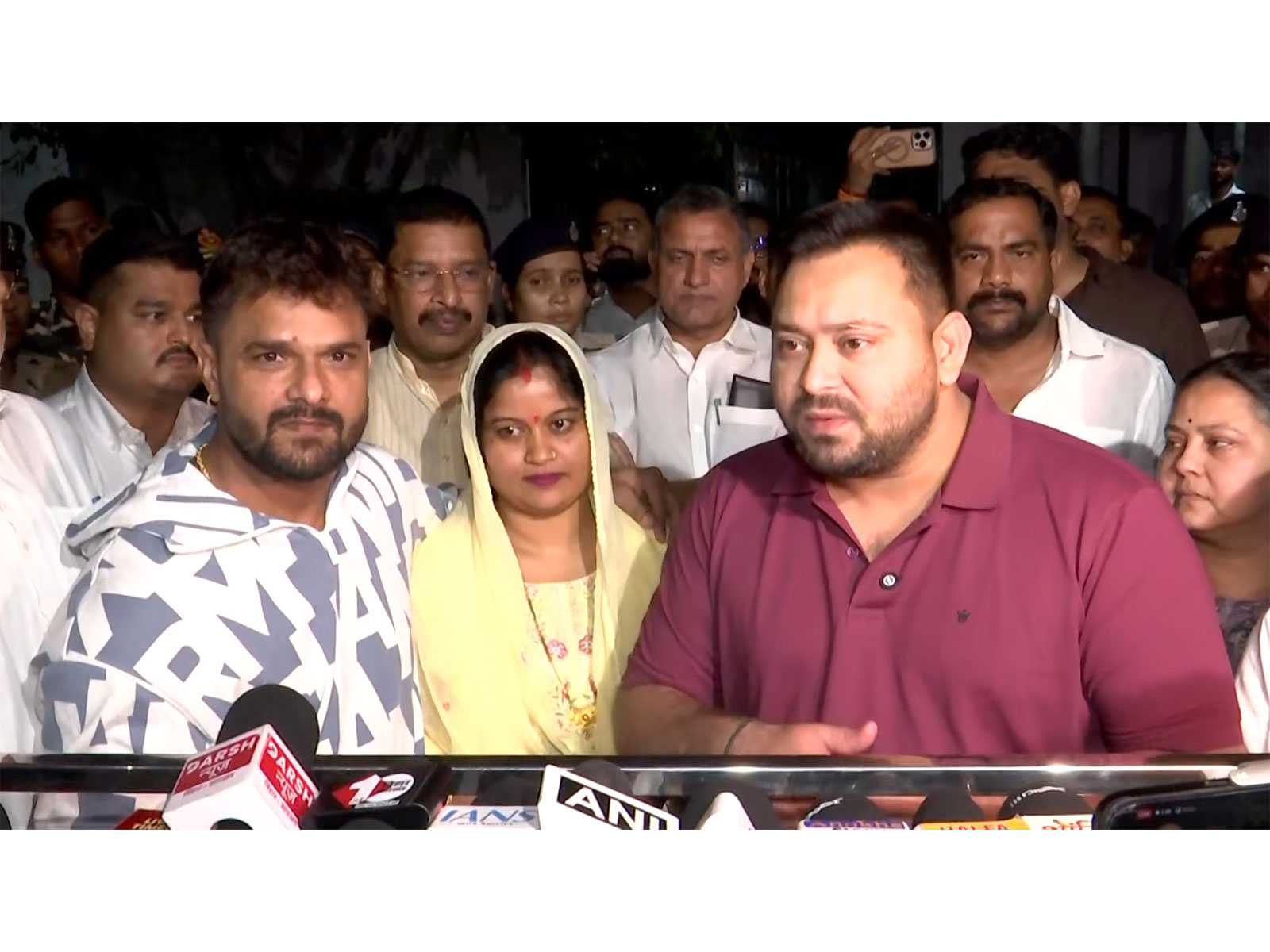 RJD leader Tejashwi Yadav with singer Khesari Lal Yadav. (Photo/ANI)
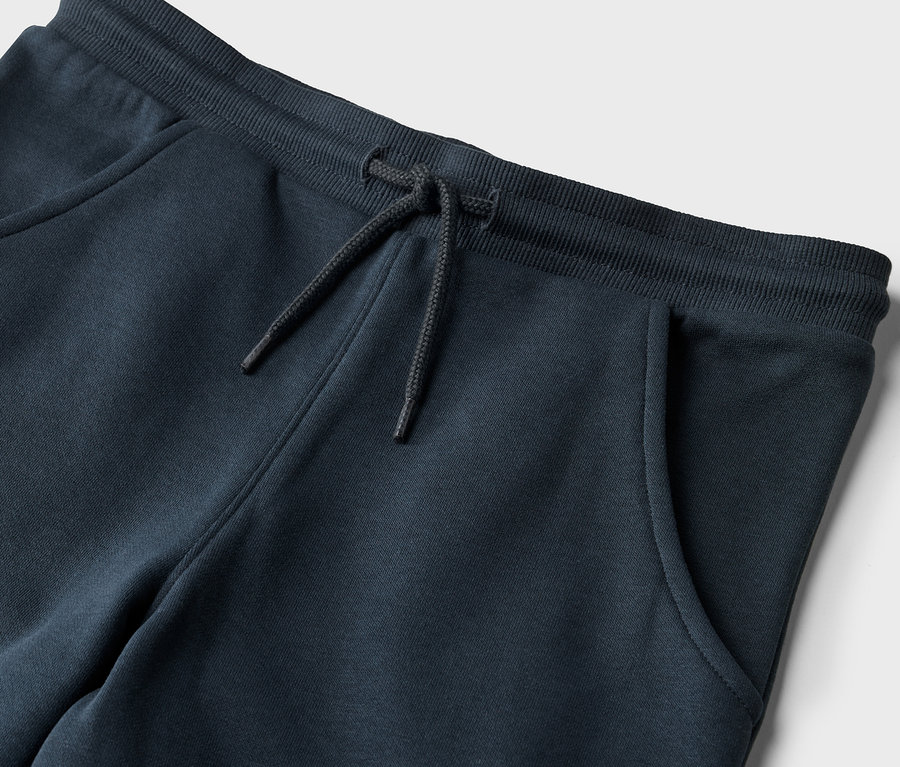 Detailaufnahme einer Kinder-Jogginghose mit Kordelzug und Tasche.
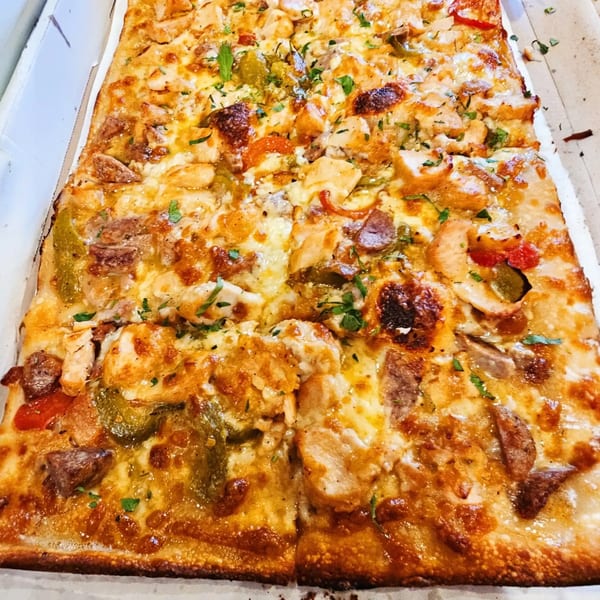 Hartsdale House of Pizza's rectangular pizza with chicken, peppers, and melted cheese in a box.
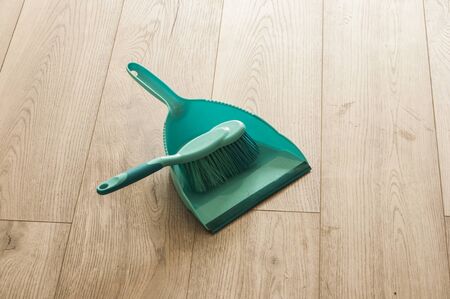 Scoop and brush green cleaning kit on hardwoodの写真素材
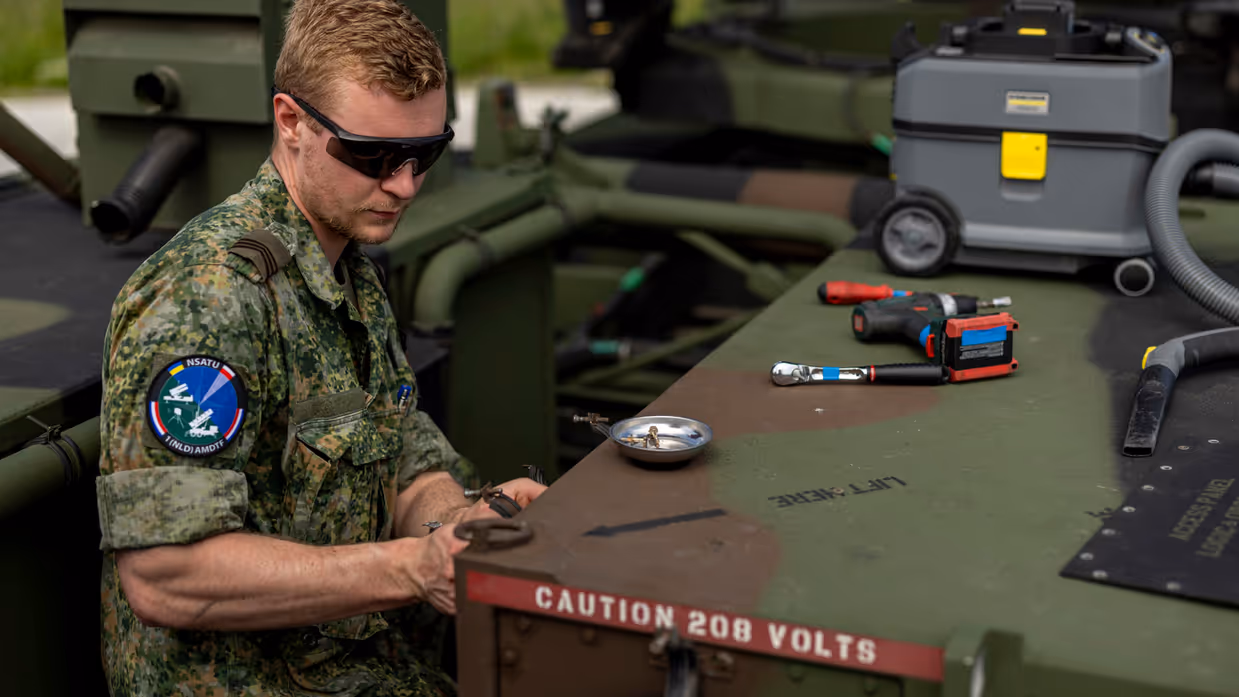 Op de linkerfoto sleutelt een militair aan een wapensysteem. Op de rechterfoto een mouwembleem van de AMDTF.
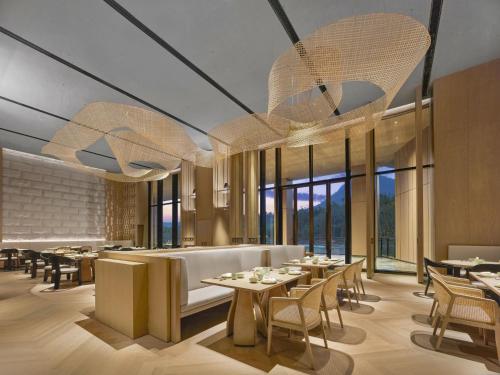 a restaurant with tables and chairs and large windows at Hilton Nanjing Niushoushan in Nanjing
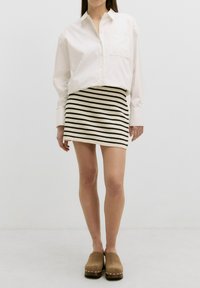 Chemise blanche à boutons avec manches longues, associée à une mini-jupe rayée noir et blanc. Des sabots marron complètent la tenue.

+ + +

Required action:
Everything from the line with "Scoop and brush" through the final line of the material is to be returned exactly, both ends included, apart from the pictures.

Solution to the problem:
 Scoop and brush green cleaning kit on hardwoodの写真素材
 Op de linkerfoto sleutelt een militair aan een wapensysteem. Op de rechterfoto een mouwembleem van de AMDTF.
 a restaurant with tables and chairs and large windows at Hilton Nanjing Niushoushan in Nanjing
 Chemise blanche à boutons avec manches longues, associée à une mini-jupe rayée noir et blanc. Des sabots marron complètent la tenue.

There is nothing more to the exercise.